**Exercise brief**
Return exactly the span of lines in the following data that opens with the line containing "Uczestniczki warsztatu Fundacji" and closes with the line containing "Student in red". Include nothing else.
** Opening Material provided block **
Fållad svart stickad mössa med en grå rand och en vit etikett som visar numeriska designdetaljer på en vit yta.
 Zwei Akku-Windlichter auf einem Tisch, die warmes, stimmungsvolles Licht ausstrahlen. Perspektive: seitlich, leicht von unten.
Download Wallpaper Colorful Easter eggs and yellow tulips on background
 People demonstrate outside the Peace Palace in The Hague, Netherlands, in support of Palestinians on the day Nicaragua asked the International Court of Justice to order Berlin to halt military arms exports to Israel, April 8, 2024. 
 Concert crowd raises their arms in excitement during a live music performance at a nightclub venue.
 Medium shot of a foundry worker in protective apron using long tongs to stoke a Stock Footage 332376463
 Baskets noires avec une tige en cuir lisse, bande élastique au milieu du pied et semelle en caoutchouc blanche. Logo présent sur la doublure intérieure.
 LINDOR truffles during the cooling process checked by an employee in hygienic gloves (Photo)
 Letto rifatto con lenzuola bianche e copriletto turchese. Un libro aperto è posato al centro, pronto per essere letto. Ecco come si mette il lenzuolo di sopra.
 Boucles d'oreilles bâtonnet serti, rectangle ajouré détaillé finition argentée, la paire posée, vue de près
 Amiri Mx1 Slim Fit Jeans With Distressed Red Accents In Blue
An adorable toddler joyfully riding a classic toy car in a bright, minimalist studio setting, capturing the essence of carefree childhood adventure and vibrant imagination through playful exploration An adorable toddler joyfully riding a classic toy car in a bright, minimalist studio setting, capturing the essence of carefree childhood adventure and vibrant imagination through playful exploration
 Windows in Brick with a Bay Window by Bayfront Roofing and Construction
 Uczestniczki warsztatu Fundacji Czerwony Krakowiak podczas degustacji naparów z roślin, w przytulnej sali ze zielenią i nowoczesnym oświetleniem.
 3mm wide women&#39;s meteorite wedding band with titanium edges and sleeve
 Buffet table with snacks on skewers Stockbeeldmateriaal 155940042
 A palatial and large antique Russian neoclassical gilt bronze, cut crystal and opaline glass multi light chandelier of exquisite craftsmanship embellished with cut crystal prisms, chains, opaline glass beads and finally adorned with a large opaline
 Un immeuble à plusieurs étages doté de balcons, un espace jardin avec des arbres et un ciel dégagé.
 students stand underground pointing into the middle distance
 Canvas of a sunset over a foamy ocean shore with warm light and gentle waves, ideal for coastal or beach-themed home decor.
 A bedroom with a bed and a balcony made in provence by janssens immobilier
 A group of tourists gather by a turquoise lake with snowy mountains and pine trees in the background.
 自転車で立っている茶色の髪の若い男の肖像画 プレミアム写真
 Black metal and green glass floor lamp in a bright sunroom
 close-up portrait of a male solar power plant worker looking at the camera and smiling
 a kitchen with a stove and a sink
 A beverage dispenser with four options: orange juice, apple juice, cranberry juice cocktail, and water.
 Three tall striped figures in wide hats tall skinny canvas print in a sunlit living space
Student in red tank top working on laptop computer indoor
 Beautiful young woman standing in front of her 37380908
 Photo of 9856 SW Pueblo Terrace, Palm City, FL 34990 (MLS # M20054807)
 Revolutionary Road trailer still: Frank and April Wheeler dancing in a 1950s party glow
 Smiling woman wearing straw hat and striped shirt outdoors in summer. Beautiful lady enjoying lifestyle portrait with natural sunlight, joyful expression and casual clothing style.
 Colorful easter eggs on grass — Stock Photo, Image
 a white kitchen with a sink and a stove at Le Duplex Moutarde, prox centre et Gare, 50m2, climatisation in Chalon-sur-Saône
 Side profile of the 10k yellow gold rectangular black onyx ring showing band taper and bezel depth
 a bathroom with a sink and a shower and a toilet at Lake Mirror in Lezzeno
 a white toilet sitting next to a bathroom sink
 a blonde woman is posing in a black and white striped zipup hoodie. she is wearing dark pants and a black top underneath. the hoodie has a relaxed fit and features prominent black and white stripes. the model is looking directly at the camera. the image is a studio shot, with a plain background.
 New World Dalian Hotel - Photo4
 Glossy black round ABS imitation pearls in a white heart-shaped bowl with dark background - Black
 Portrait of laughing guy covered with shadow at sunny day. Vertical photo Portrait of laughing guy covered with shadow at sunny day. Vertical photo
** Closing Material provided block **
**Exercise solution**
 Uczestniczki warsztatu Fundacji Czerwony Krakowiak podczas degustacji naparów z roślin, w przytulnej sali ze zielenią i nowoczesnym oświetleniem.
 3mm wide women&#39;s meteorite wedding band with titanium edges and sleeve
 Buffet table with snacks on skewers Stockbeeldmateriaal 155940042
 A palatial and large antique Russian neoclassical gilt bronze, cut crystal and opaline glass multi light chandelier of exquisite craftsmanship embellished with cut crystal prisms, chains, opaline glass beads and finally adorned with a large opaline
 Un immeuble à plusieurs étages doté de balcons, un espace jardin avec des arbres et un ciel dégagé.
 students stand underground pointing into the middle distance
 Canvas of a sunset over a foamy ocean shore with warm light and gentle waves, ideal for coastal or beach-themed home decor.
 A bedroom with a bed and a balcony made in provence by janssens immobilier
 A group of tourists gather by a turquoise lake with snowy mountains and pine trees in the background.
 自転車で立っている茶色の髪の若い男の肖像画 プレミアム写真
 Black metal and green glass floor lamp in a bright sunroom
 close-up portrait of a male solar power plant worker looking at the camera and smiling
 a kitchen with a stove and a sink
 A beverage dispenser with four options: orange juice, apple juice, cranberry juice cocktail, and water.
 Three tall striped figures in wide hats tall skinny canvas print in a sunlit living space
Student in red tank top working on laptop computer indoor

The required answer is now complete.